At 5 a.m., the city is imposing a split traffic pattern on the northbound Jones Falls Expressway to create a work zone in the middle of two lanes - a step that essentially marks the halfway point in the first major reconstruction of the midtown portion of the highway since it was built 41 years ago.
The primary route into and out of downtown for thousands of workers, the JFX has become a vital link between the city and its suburbs. The number of vehicles using the highway increased 62 percent in the past decade to 109,000 daily. The reconstruction will ease bottlenecks, but getting there hasn't been easy.
City transportation officials are lowering the speed limit today on the downtown stretch to 40 mph, though they may not have to worry about speeding given the expected traffic delays. With the road forking and the lanes narrowing, motorists are likely to take it slow.
Officials hope some drivers stop taking it altogether. They are urging people to avoid the JFX and take alternate routes or public transit until January, when the lane split from Chase to Charles streets will return to normal. But the entire $12.5 million reconstruction project, which runs a mile between Eager and Howard streets, will not be finished until June.
Crews, which have demolished 30-foot retaining walls on the side of the highway and built ones farther back, will turn their attention to ripping up the concrete roadway, pouring a 10-inch-thick layer of concrete, then covering it with 5 1/2 inches of hot-mix asphalt. The road will also get new signs and lighting.
The work is long overdue, officials say.
"Have you driven it?" asked Frank Murphy, the city's chief traffic engineer. "It's 40 years old and beat to hell."
With its hairpin turns, tight lanes and pockmarked surface, the JFX is every driver's nightmare - or every racer's fantasy. The worst portion of the road, between Eager and Howard streets in midtown, opened in 1962 and hasn't been improved since.
The city began the reconstruction of that section in November - an event many motorists will remember because it meant a southbound lane was closed at Maryland Avenue, causing big delays back to the Baltimore County line. This new diversion will be the final major traffic headache for motorists.
When the entire reconstruction is finished, the highway will offer three through lanes in each direction with wider shoulders and softer curves. By acquiring unused train tracks and widening the road near Penn Station, the city was able to flatten one of the road's most notorious curves.
The addition of a third through lane on the southbound side of the road from Howard to St. Paul streets could increase capacity by 50 percent, but officials aren't promising that delays will become a thing of the past, just that they'll move somewhere else.
"This will no longer be the bottleneck," Murphy said. He said the 66,000 vehicles a day that use the midtown portion of the road should move smoothly all the way to the end at Fayette Street, where a traffic light will become the new bottleneck.
After the southbound side's delays mounted last winter, officials took three steps to increase traffic flow.
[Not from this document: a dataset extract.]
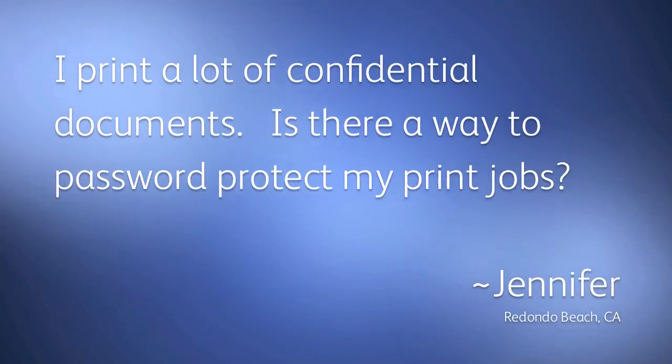Hi, I'm Spencer from QDocs, your local Xerox sales agency. Your Q-tip for today comes from Jennifer in Redondo Beach, California. Jennifer wrote: I print a lot of confidential documents. Is there a way to password protect my print jobs?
Instead of having three lanes merge into two at the North Avenue exit, the city made the right lane an exit-only lane, forcing people to merge sooner. They also closed the 29th Street entrance ramp to the JFX, reducing the number of cars on the road. And they pushed York Road and Park Heights Avenue as alternates.
The northbound split that starts today will continue for half a mile to Charles Street. Officials said buses and trucks must use the right lane because it will be about 13 feet wide, 2 feet wider than the left lane. A typical highway lane is 12 feet wide.
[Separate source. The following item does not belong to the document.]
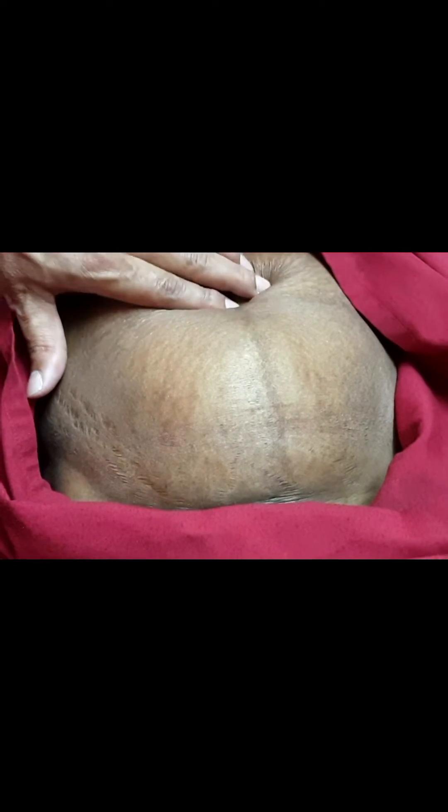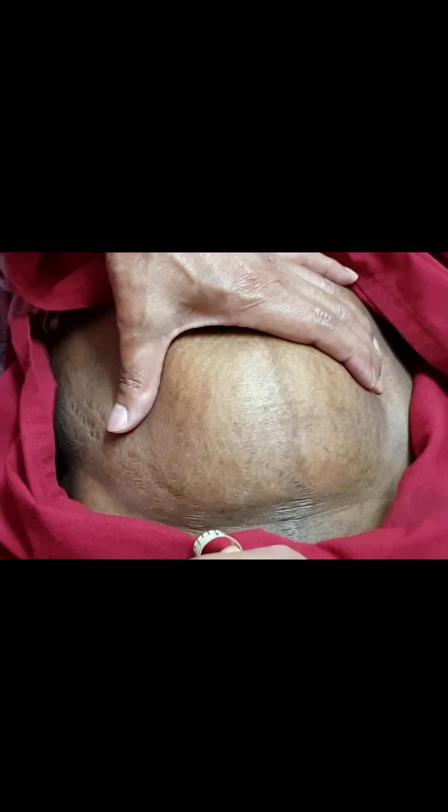This is a fibroid uterus of about 20 to 22 weeks size. You will have to measure the grip width to assess the feasibility of a VH.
The jersey barriers that will be hard up against the lanes and the sharp turns in that half-mile of road make driving treacherous. Highway officials said they try to avoid splitting lanes, but sometimes there's no choice.
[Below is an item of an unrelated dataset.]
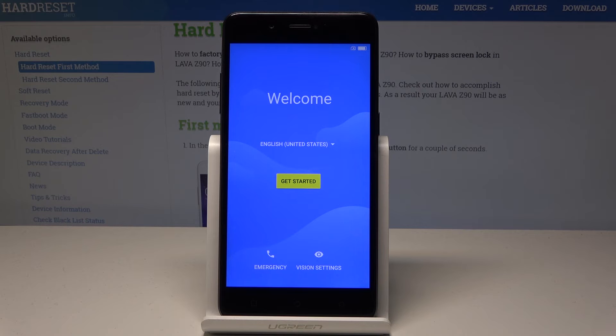Excellent — as you can see, the welcome panel has just popped up, so now you can start to activate and use your device. Thank you for watching — please subscribe to our channel and leave a thumbs up under the video.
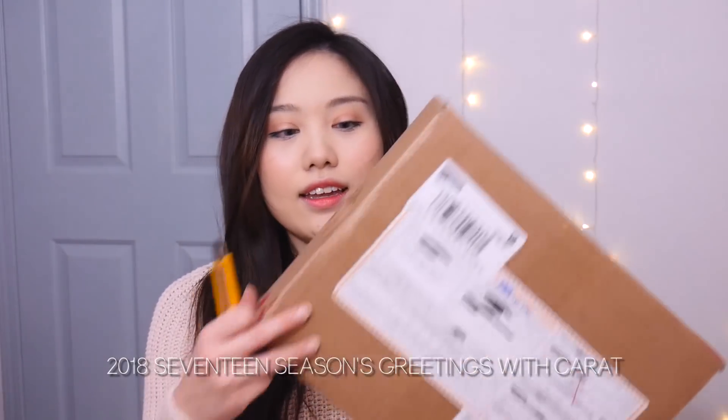Today I am unboxing this guy right here. This is Seventeen's 2018 Season's Greeting and I bought this off Interpark.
"It's one of the worst work zone setups possible because of driver confusion," said Valerie Burnette Edgar, spokeswoman for the State Highway Administration. "It's the decision point of which way to go that slows people up as they approach. And when you have a barrier on both sides of you, it's like a tunnel feeling, and really there's no place to go."
The city has made plans to clear broken-down cars from the travel lanes as quickly as possible since there will be no shoulder on the mile of the JFX being reconstructed. A tow truck will be stationed at the work zone 24 hours a day, ready to clear stopped cars.
"If somebody breaks down in one of those single lanes, that lane is closed. You're stuck," Murphy said.